• WHAT TO DO: Pictures stay out of the copy. Transcribe exactly the lines from the line with "Mocassin John Mendson 2906 Dan cuir blanc" through the final line of the records.

• RECORDED DATA:
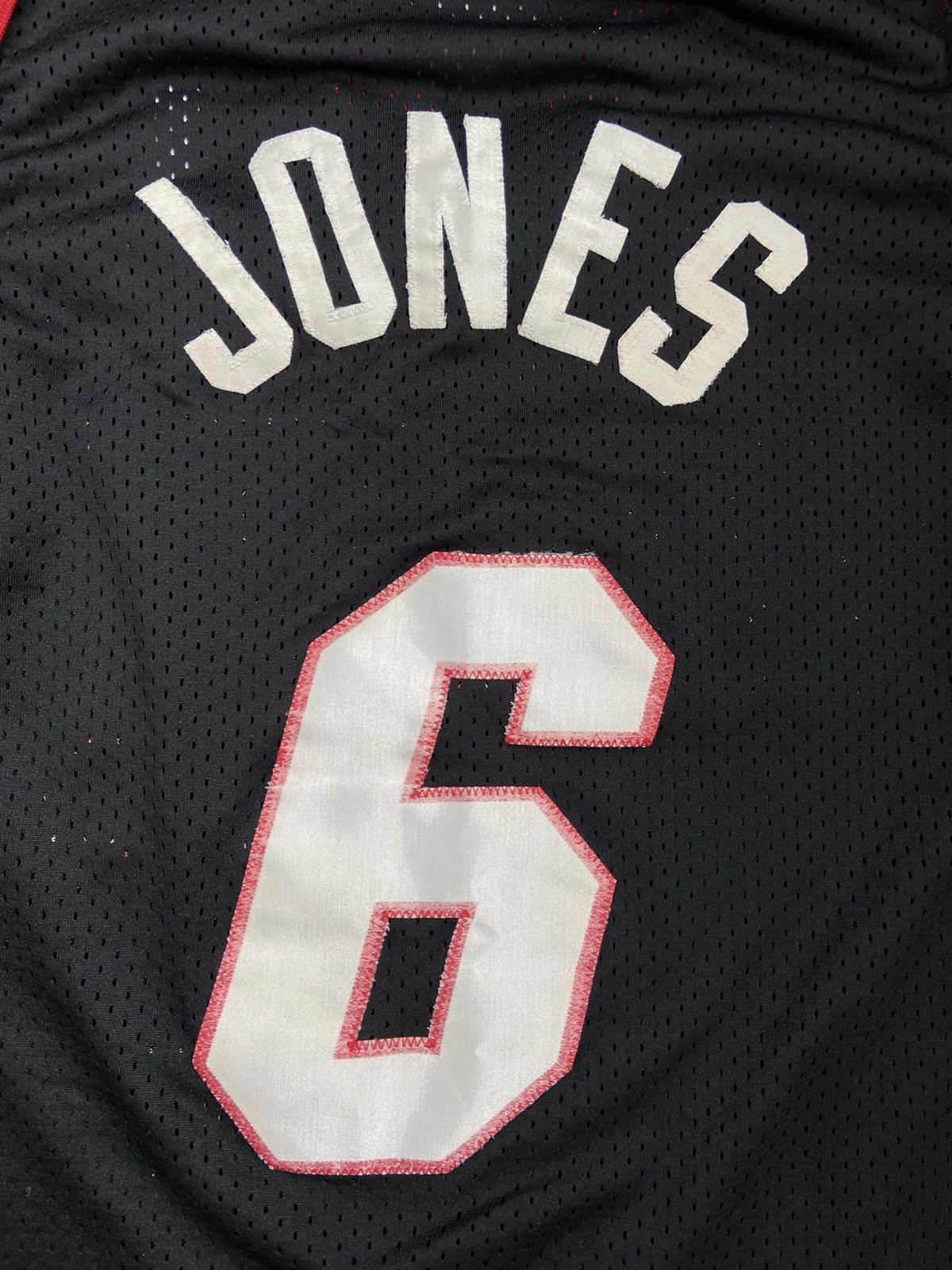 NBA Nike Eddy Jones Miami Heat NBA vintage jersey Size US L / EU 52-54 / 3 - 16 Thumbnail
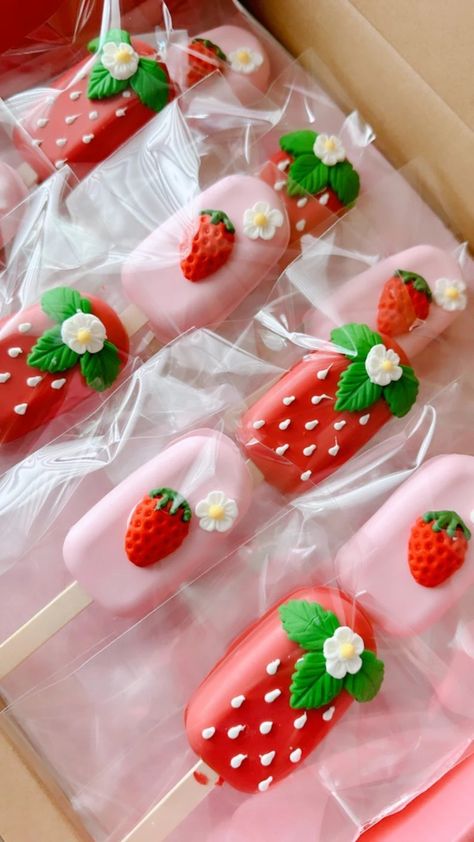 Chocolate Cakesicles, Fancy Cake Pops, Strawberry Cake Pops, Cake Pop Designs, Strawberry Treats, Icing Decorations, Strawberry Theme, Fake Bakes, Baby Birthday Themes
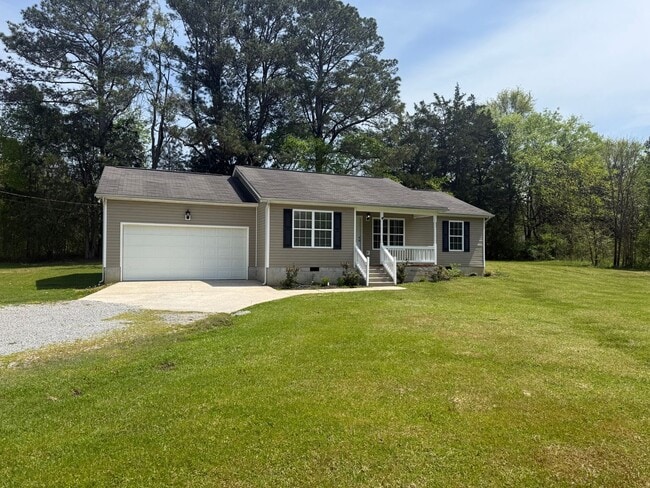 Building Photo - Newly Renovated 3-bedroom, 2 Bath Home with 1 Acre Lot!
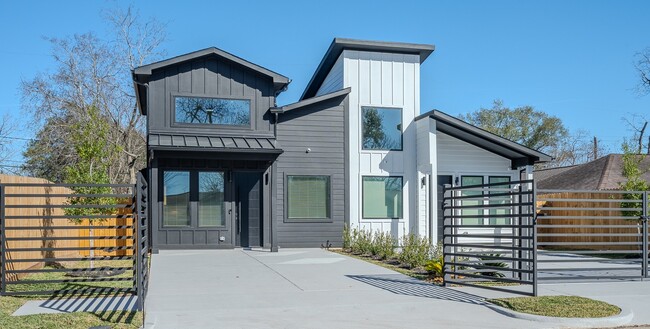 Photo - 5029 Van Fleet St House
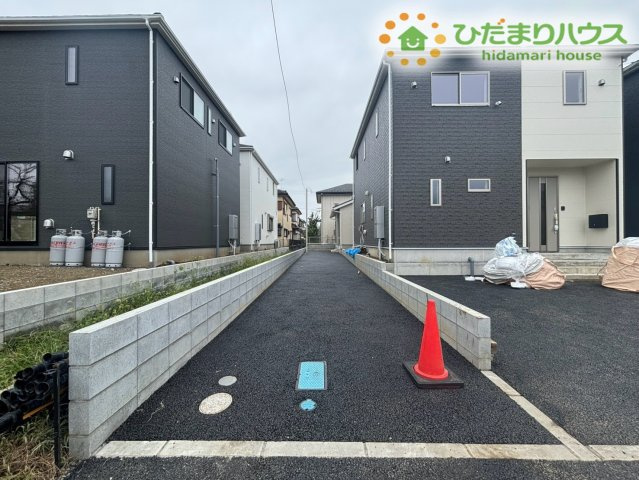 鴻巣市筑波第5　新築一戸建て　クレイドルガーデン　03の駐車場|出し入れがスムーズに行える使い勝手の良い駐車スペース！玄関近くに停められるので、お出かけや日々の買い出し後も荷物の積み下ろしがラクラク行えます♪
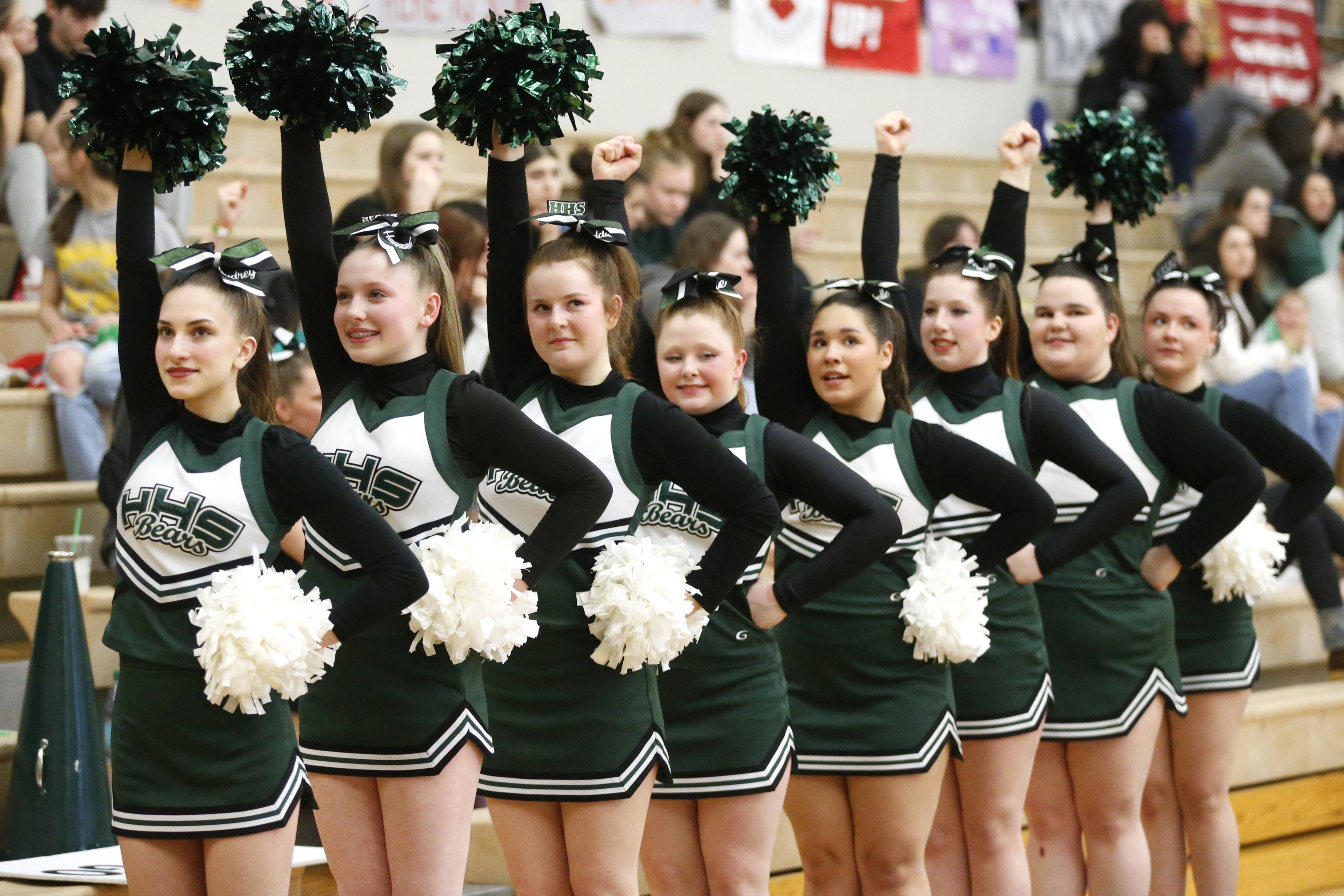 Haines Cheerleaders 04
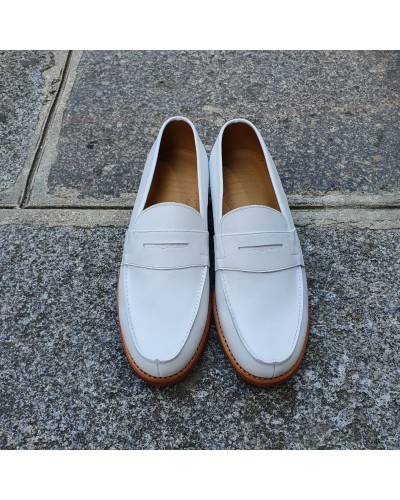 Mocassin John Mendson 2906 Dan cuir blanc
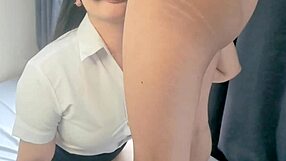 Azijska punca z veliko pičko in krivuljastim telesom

• ANSWER TO THIS PROBLEM:
 Mocassin John Mendson 2906 Dan cuir blanc
 Azijska punca z veliko pičko in krivuljastim telesom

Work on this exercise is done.